** AIM OF THE TASK **
Work out how many lines in the data that follows contain "avec". Write nothing but the number.

===== INFORMATION SUPPLIED =====

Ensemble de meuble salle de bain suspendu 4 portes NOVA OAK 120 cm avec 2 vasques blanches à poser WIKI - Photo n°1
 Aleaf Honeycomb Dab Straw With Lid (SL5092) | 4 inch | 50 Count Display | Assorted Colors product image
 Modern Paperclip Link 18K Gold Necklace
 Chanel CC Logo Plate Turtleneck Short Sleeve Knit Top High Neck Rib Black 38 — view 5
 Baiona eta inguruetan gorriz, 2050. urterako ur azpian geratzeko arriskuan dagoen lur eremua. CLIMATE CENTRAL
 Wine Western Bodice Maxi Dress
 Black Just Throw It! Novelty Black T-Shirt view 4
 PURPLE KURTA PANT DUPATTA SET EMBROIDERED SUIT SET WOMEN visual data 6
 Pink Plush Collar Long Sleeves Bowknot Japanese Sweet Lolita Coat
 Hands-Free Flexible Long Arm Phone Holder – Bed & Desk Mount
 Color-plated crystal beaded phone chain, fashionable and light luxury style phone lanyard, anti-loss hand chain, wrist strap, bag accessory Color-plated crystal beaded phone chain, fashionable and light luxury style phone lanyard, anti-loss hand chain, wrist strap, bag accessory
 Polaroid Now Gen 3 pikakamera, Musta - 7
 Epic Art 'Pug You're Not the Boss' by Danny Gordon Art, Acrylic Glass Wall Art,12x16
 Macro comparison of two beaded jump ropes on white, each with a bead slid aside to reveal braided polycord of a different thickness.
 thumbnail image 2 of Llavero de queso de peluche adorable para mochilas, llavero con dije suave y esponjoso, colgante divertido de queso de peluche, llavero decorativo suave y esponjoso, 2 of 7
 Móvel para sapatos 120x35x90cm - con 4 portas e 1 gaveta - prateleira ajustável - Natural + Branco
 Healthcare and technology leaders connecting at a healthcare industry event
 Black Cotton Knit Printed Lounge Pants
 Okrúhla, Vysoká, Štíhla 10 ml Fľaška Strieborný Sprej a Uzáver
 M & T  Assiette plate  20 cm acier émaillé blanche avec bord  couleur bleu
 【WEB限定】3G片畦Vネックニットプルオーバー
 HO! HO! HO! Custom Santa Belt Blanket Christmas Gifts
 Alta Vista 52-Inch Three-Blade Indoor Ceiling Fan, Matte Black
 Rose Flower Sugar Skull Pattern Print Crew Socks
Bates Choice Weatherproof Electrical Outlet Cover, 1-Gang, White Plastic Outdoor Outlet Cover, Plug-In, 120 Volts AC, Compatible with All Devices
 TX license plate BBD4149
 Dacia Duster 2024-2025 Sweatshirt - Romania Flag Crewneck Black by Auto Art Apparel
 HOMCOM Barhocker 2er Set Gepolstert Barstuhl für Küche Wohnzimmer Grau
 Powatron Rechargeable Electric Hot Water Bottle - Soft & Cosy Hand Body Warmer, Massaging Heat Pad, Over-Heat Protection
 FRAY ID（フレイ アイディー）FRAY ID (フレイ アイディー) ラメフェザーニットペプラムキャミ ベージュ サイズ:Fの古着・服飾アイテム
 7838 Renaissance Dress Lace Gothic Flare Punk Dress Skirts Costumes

=====

** RESPONSE TO THIS EXERCISE **
2